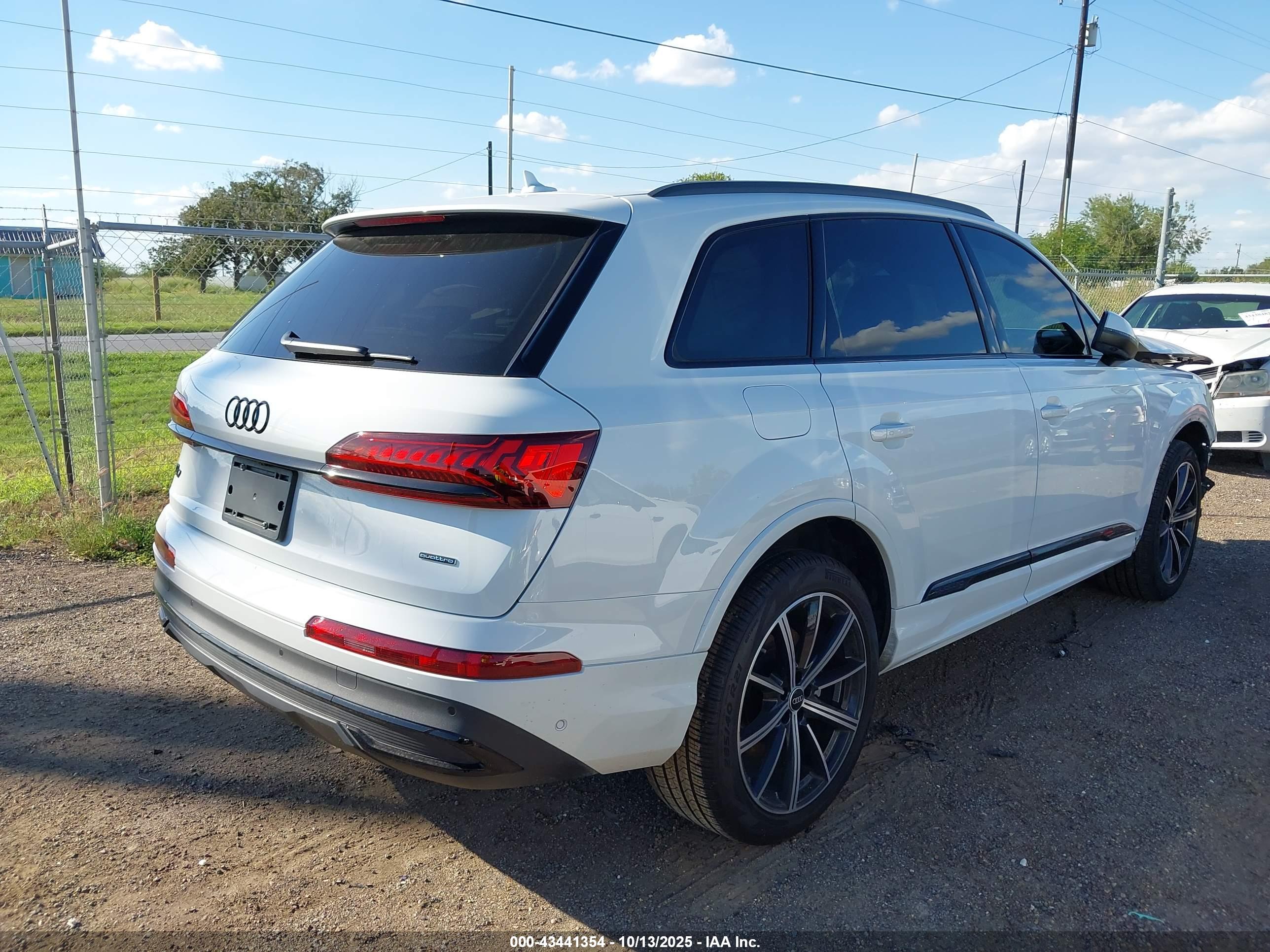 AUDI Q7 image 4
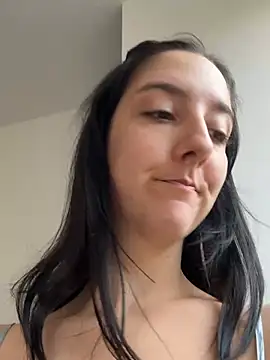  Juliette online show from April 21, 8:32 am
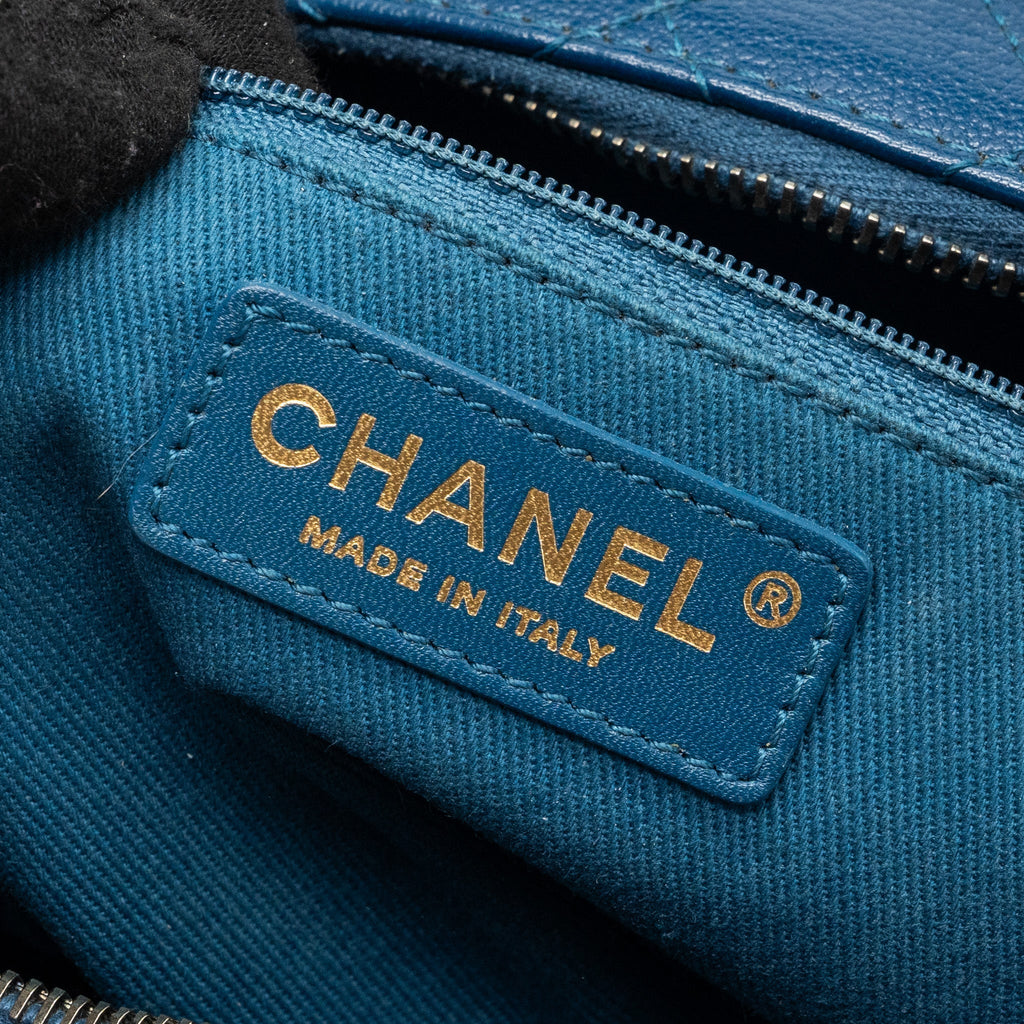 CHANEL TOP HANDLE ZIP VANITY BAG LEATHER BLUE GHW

━━━━━━━━━━━━━━━━━━━━━━━━━━━━━━

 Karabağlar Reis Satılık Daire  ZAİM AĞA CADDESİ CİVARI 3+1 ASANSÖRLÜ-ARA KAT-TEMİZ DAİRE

━━━━━━━━━━━━━━━━━━━━━━━━━━━━━━

* What is needed: Leave the pictures out, and transcribe exactly the lines above starting at the one that contains "AUDI Q7 image 4" and ending at the one that contains "CHANEL TOP HANDLE".

* Reply to the exercise:
 AUDI Q7 image 4
  Juliette online show from April 21, 8:32 am
 CHANEL TOP HANDLE ZIP VANITY BAG LEATHER BLUE GHW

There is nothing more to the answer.